Hasil sensus penduduk tahun 1971, menunjukkan jumlah penduduk provinsi Maluku seluruhnya 1.088.945 jiwa. Maluku Tengah saja penduduknya berjumlah 378.870 jiwa, yautu 194.145 laki-laki dan 184.725 perempuan; sedangkan angka-angka cacah jiwa pulau Ambon tahun 1959 dengan pengecualian Kotapraja Ambon, adalah 80.364 orang. Dari jumlah itu 51% beragama Kristen Protestan (aliran reformasi) dan 49 % beragama Islam.
  1. Peralatan dan Perlengkapan Hidup
Peralatan dan perlengkapan orang orang Ambon dibagi menjadi 2 bagian, yaitu Peralatan pada zaman dulu dan peralatan zaman sekarang.
  1. Sistem Mata Pencaharian Hidup
Orang-orang Ambon pada umumnya mayoritas mereka bertani di ladang. Dalam hal ini, sekelompok orang membuka sebidang tanah di hutan, dengan cara menebang pohon – pohon di hutan dan dengan membakar batang – batangnya serta dahan yang telah kering. Ladang yang dibuka dengan cara ini hanya diolah dengan tongkat, kemudian ditanami tanpa irigasi kemudian ditanami kacang-kacangan dan ubi ubian.
          Makanan mayoritas orang Ambon adalah sagu, tapi zaman sekarang beras sudah biasa mereka makan, tetapi belum menggantikan sagu seluruhnya. Pohon sagu tidak perlu ditanam dan dipelihara karena pohon sagu telah berkembang dan hidup di pulau pulau Maluku serta di rawa rawa juga sangat banyak.
          Di daerah lereng lereng gunung orang juga menanam kentang walaupun hasilnya tidak banyak, kebiasaan menanam kentang itu berasal dari orang orang Belanda, tanaman pengaruh orang Belanda adalah kopi yang banyak tumbuh di Lisaba, Amahai, dan Manipa.
          Banyak penduduk menanam tembakau untuk dipakai sendiri, mereka menanam di pekarangan rumah, dibawah cucuran atap sehingga kalau turun hujan, air hujan tersebut langsung menyiram tanaman tembakau tersebut, daun tembakau lebat dan kuat. Orang membuat tembakau dengan memotong motong halus daun tembakau tersebut kemudian dijemur di terik mentari supaya kering.
          Orang Ambon juga menanam tebu, singkong, jagung, dan kacang kacangan. Sedangkan buah buahan yang ditanam antara lain pisang, mangga, manggis, gandaria, durian, cengkih juga ditanam oleh orang Ambon.
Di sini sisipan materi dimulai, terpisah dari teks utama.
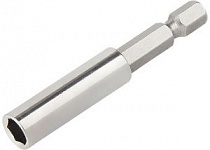 Адаптер магнитный для бит 60мм MATRIX на сайте Стройсервис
Cengkih sangat mudah perawatannya tetapi harganya cukup tinggi.
          Hasil bumi tersebut bila berlebih akan dijual kepada orang lain, dengan demikian orang tersebut mendapat upah dari hasil penjualan, serta memperoleh uang untuk membeli kebutuhan sehari hari, bayar pajak, membiayai sekolah anak anak mereka serta membeli alat alat pertukangan.
          Di samping pertanian, orang Ambon juga memburu rusa, babi hutan, dan burung kasuari. Mereka menggunakan lembing yang dilontarkan dengan jebakan dan dengan cara memburu secara langsung mengunakan panah atau senjata api.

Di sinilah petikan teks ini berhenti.